Ever wake up in the middle of the night wondering if your server is still working because the pings are OK, but you are getting connection timeouts and JAVA IdleConnectionReaper exceptions? This blog post will talk about resource pooling in AWS with respect to Long Polling && Connection Reaping. There are often some very technical road bumps when coming up to speed on any system, and I hope this blog entry can help some readers.
Late one night, our systems started to fail while processing some data. Our “heartbeat” pings (API calls) were taking more than 60 seconds to respond, but the system was “up.” Thus, our monitoring system was spamming us about critical failures when, in fact, things were just taking a VERY LONG time to process.
What is Connection Reaping?
Usually, Connection Reaping involves taking anything that is waiting for a response and killing the connection. AWS specifically goes after “CLOSE_WAIT” while most routers kill on “TIME_WAIT”. When AWS does in fact reap a connection, it will throw an IdleConnectionReaper exception in your application.
Depending on your application retry-logic, this can break everything!
It makes sense for AWS (or any leading cloud provider) to add this functionality for basic applications. After all, enough hung or waiting connections have the same effect as suffering a DDoS, where OS fails to spawn new sockets.
What this means for you
The problem of seemingly persistent connections going away isn’t something unsolved. Long gone are the days of UDP for the most part – all hail TCP. This is what made TCP so great – reliable connections. Trying to code around a TCP system that now responds like UDP can cause some frustrations and erratic application behavior.
How to Solve it
For any given application there are 2 solutions.

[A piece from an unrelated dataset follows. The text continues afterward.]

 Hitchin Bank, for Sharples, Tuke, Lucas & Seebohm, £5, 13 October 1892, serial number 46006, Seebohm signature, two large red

- Change the behavior of the AWS SDK HTTPConnection to disallow connection reaping. [Ref 2]
- Change the behavior of your Application to accommodate IdleConnectionReaper exceptions. This will usually result in implementing very specific re-try logic. Only YOU can know what it is important in your code. Re-think your connection recovery logic/layer. If you are concerned with this problem, a simple try/catch will not be enough to coerce a solution! (But I hope for your sake!)
Since thread pool management is handled by the AWS SDK, it would be more ideal for AWS to address how its SDK recycles connection threads (as opposed to us hacking at it.).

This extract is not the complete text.